Please begin with the line containing "Nuna Pipa RX" and reproduce each line exactly until the records below end, without any pictures.

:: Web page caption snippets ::
* * * * *

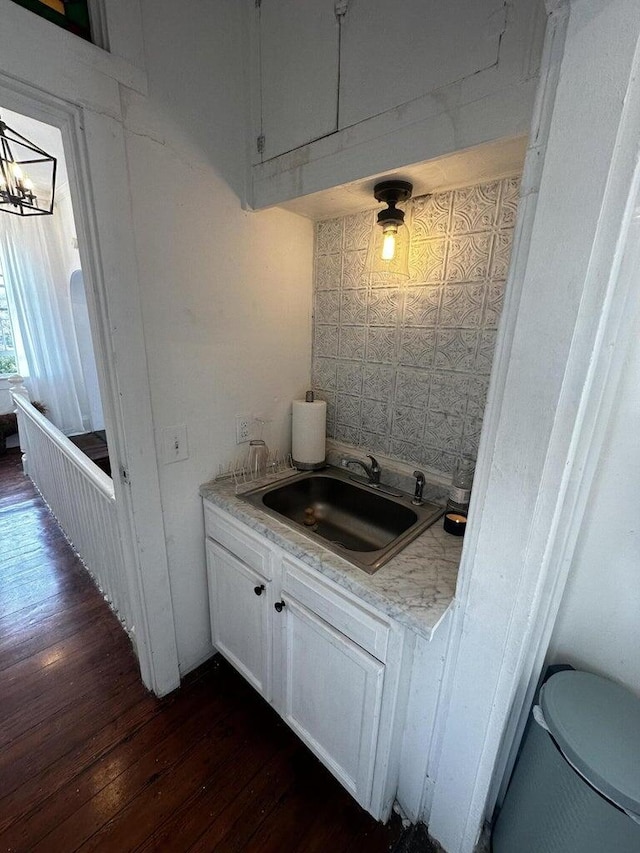 bathroom with vanity, wood-type flooring, toilet, and a notable chandelier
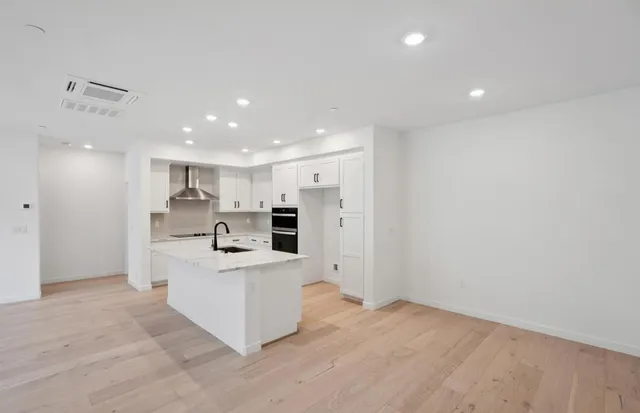 a open kitchen with white cabinets and white stainless steel appliances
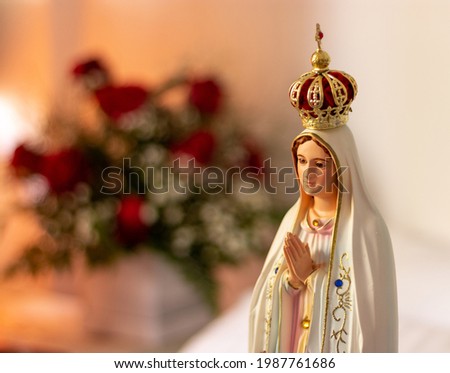 Our Lady of Fátima, is a Catholic title of the Blessed Virgin Mary based on the Marian apparitions reported in 1917 by three shepherd children at the Cova da Iria, in Fátima, Portugal. Royalty-Free Stock Photo #1987761686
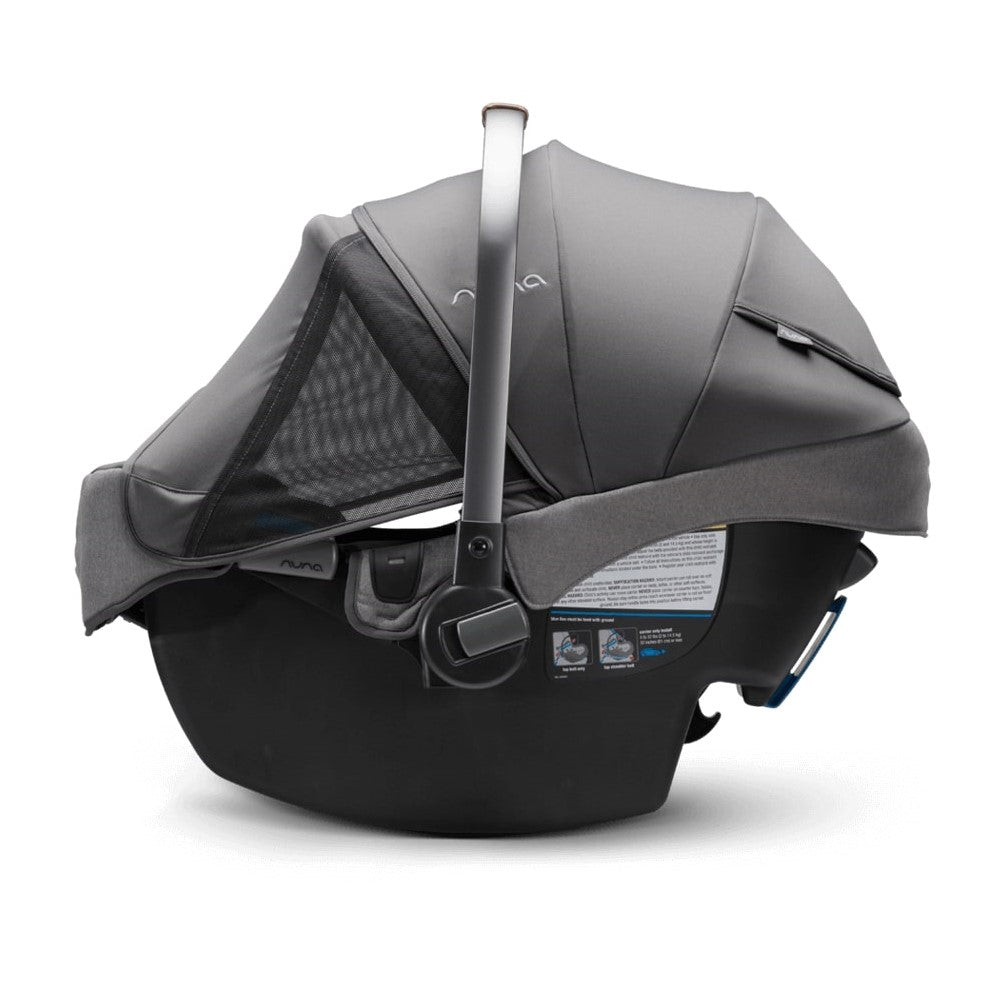 Nuna Pipa RX car seat capsule and relx Base in Granite side view with hood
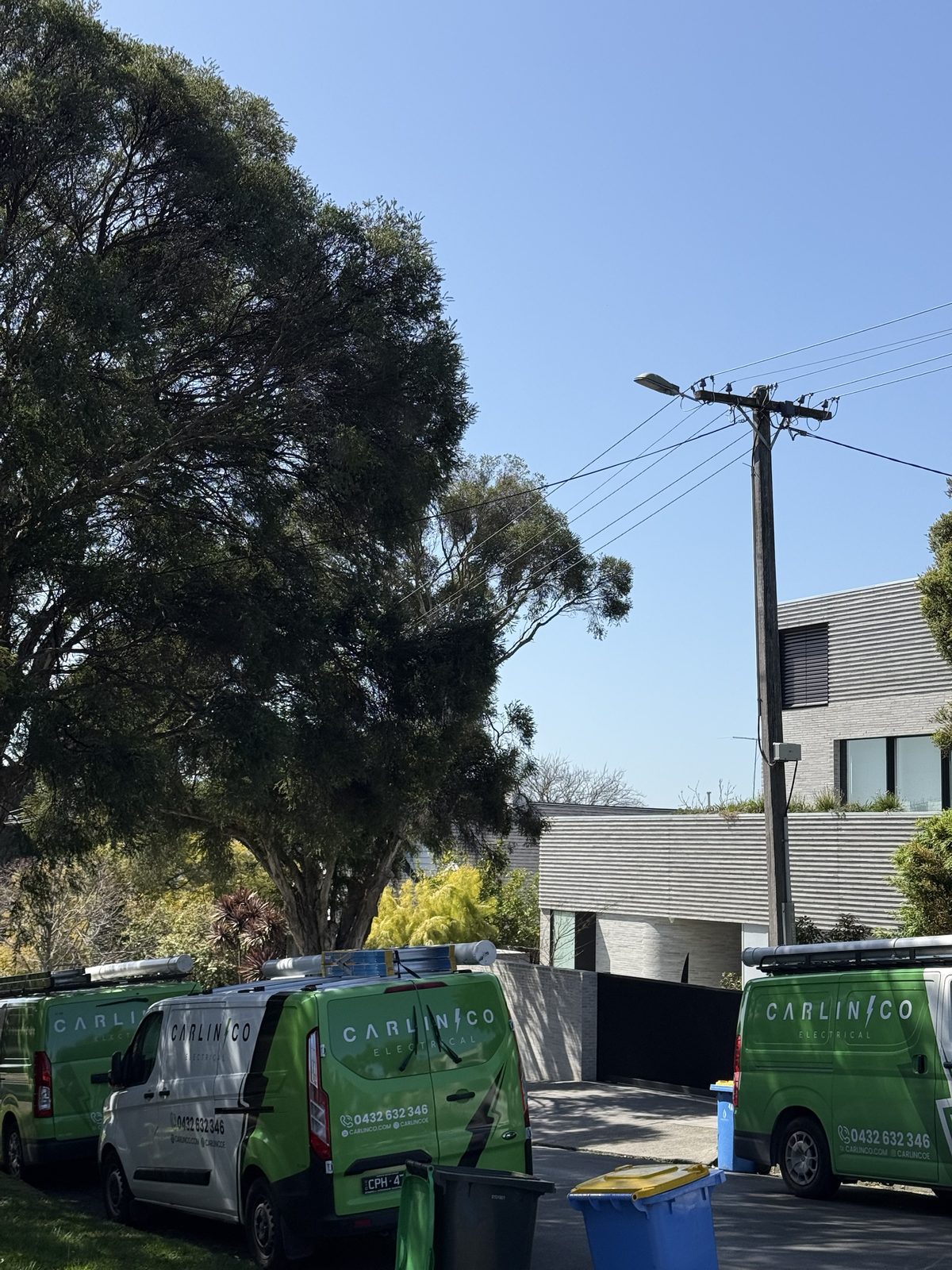 Carlin Co Electrical vans on site for three-phase sauna installation in Kew Melbourne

* * * * *

:: RESPONSE AREA ::
 Nuna Pipa RX car seat capsule and relx Base in Granite side view with hood
 Carlin Co Electrical vans on site for three-phase sauna installation in Kew Melbourne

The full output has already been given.